INSTRUCTIONS FOR THE TASK –
Among the records below, find the line that has "1148 HAPPY RIDGE DR"; from there, give the lines again exactly, and stop after the line that has "Chaleco capitonado con gorro CHOCOLATE".

◇ ◇ ◇ ◇ ◇

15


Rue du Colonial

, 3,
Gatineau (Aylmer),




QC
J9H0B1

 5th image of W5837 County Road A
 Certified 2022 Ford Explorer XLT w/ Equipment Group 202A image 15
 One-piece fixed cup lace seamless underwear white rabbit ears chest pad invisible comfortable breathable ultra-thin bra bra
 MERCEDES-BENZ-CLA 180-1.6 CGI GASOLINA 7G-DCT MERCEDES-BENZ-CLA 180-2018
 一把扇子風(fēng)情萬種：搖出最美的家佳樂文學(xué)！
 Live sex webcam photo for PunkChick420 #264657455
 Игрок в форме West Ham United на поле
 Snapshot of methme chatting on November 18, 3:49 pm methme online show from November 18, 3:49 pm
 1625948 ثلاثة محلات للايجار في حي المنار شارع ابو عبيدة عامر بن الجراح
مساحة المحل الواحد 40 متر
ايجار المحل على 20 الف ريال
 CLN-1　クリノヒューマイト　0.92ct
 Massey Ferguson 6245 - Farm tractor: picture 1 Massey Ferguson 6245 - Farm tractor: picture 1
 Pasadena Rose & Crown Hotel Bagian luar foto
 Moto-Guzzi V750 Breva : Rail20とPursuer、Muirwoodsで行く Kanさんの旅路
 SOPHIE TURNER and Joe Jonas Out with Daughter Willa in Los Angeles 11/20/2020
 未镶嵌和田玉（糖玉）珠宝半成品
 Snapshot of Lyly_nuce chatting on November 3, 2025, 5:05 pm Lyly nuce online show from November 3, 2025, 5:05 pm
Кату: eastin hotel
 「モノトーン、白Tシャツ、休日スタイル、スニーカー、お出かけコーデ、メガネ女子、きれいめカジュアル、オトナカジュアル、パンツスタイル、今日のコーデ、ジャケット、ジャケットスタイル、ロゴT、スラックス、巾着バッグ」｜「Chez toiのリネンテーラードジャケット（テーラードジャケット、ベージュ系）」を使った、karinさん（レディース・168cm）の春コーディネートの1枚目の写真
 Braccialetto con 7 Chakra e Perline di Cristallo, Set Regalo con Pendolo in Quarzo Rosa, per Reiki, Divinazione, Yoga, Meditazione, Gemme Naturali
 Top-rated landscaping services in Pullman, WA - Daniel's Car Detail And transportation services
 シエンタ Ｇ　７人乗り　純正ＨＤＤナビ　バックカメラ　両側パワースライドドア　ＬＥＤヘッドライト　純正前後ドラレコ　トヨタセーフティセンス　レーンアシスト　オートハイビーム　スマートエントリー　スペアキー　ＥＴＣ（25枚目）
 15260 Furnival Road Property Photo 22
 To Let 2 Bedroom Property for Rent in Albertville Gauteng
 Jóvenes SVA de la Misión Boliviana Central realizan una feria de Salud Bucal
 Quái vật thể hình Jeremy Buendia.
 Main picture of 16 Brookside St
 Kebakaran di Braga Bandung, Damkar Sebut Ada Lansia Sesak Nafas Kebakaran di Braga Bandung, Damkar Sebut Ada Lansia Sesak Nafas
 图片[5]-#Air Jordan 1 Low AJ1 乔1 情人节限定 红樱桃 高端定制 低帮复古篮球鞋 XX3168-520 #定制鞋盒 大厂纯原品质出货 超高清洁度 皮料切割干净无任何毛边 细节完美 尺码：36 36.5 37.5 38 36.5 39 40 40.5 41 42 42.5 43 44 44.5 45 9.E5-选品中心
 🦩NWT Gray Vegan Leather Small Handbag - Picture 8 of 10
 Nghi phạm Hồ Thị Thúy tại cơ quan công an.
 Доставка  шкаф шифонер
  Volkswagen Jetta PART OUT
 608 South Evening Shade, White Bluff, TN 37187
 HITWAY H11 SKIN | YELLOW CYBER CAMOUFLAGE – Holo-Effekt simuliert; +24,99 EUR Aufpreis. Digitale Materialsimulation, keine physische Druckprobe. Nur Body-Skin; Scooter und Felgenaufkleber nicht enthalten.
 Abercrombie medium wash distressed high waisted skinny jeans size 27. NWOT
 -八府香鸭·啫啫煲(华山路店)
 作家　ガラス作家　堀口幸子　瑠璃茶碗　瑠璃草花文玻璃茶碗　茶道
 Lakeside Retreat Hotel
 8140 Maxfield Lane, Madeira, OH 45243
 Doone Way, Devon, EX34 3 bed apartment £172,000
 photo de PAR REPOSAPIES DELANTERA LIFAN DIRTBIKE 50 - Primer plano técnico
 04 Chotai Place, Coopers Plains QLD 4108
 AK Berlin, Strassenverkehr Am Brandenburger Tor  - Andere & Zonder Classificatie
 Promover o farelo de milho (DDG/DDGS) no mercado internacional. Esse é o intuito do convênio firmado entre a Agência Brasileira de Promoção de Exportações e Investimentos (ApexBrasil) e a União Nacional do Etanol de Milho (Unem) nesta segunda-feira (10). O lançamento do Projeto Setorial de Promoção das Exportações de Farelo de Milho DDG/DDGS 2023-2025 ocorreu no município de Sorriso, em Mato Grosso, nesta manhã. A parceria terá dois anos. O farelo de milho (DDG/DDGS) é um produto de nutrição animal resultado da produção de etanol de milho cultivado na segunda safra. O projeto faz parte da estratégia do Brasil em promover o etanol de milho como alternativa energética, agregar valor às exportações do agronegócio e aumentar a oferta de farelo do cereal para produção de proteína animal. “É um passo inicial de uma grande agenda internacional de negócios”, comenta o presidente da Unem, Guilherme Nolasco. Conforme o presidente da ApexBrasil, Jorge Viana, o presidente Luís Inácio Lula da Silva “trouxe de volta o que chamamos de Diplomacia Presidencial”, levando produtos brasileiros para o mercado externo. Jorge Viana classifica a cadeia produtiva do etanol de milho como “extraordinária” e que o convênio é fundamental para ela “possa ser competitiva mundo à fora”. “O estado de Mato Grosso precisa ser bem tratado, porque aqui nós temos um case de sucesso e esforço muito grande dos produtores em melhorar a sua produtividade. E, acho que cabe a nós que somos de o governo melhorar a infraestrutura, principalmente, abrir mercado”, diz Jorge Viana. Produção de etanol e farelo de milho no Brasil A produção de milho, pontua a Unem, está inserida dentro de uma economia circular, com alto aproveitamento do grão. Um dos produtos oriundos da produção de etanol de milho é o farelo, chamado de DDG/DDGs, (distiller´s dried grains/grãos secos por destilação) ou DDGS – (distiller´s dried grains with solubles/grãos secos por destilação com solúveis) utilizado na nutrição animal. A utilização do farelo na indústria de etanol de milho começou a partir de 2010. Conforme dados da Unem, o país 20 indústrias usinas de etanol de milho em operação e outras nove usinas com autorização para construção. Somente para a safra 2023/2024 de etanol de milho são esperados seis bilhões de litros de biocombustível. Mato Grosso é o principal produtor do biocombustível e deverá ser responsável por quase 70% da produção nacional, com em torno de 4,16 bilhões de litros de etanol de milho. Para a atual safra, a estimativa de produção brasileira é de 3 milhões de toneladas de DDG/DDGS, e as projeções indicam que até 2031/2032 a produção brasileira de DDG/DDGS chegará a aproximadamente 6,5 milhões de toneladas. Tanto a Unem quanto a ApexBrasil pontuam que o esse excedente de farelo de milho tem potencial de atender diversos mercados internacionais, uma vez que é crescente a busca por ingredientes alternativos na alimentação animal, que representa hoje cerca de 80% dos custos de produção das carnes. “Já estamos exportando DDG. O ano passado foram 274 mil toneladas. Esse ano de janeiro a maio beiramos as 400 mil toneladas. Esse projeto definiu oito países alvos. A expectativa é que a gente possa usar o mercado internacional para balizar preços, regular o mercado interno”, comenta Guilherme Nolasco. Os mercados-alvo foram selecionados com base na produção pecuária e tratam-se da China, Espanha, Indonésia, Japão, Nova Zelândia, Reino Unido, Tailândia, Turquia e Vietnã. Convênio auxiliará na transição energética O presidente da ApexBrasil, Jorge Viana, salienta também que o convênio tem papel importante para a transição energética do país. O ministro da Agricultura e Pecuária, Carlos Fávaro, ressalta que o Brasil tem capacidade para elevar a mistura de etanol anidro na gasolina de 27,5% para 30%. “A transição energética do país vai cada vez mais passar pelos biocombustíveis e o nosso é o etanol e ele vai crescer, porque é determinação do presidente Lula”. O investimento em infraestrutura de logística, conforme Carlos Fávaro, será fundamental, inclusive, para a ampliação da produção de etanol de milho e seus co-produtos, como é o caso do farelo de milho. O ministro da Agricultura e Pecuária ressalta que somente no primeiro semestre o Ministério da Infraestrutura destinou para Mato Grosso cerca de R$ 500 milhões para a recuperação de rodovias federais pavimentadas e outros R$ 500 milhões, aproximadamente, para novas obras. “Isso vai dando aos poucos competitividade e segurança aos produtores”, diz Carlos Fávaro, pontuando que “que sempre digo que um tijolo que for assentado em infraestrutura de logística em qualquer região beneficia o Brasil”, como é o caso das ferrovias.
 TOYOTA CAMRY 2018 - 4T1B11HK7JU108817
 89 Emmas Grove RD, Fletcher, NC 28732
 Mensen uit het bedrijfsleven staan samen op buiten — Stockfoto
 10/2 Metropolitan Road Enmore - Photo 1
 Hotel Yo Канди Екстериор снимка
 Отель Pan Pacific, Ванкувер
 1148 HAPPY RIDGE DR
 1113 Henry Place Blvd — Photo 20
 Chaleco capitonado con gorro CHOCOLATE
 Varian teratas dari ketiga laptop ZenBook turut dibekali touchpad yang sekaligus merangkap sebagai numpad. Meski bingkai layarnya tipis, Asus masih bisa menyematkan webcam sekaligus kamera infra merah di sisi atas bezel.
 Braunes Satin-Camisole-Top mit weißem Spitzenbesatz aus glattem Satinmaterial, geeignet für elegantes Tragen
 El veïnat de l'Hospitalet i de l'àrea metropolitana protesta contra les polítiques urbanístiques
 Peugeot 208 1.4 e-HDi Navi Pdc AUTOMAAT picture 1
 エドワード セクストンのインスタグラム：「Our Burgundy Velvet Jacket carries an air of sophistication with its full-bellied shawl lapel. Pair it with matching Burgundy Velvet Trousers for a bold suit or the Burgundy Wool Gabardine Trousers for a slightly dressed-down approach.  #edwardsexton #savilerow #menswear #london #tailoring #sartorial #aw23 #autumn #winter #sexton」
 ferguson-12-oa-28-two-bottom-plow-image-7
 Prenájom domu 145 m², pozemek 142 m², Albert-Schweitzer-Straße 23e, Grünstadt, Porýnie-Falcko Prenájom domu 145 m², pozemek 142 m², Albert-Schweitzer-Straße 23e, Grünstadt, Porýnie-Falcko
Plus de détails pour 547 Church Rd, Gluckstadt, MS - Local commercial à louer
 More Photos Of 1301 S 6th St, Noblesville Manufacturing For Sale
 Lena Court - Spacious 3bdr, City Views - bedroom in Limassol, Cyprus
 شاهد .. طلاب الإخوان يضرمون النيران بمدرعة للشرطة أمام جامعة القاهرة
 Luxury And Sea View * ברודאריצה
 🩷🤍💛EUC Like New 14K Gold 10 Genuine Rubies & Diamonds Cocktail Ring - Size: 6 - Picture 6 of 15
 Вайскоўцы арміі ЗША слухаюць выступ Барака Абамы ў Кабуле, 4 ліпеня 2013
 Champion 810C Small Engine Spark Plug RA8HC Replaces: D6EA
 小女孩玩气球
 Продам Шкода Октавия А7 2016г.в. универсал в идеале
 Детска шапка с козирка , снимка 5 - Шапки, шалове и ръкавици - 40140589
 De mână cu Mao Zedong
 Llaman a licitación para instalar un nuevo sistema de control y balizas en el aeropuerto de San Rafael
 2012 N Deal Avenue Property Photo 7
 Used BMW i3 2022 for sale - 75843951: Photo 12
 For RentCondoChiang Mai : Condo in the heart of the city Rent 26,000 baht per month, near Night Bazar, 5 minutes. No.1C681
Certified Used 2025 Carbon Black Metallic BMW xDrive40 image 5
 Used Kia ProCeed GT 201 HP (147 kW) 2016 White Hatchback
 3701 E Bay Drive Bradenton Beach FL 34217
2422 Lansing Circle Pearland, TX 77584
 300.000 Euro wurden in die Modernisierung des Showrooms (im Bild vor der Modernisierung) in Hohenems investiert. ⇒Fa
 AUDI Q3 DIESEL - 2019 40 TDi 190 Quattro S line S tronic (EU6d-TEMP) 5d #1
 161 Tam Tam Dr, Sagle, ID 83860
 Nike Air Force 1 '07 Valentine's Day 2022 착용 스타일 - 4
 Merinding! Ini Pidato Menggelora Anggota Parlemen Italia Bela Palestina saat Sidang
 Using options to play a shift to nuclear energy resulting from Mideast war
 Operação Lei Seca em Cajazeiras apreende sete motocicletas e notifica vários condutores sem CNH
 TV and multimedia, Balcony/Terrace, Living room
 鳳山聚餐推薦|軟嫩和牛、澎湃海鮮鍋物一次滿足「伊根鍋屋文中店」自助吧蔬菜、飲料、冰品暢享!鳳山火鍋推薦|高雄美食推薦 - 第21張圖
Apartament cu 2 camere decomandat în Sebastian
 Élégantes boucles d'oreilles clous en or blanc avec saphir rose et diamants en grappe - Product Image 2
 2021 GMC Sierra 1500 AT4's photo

◇ ◇ ◇ ◇ ◇

ANSWER TO THIS TASK –
 1148 HAPPY RIDGE DR
 1113 Henry Place Blvd — Photo 20
 Chaleco capitonado con gorro CHOCOLATE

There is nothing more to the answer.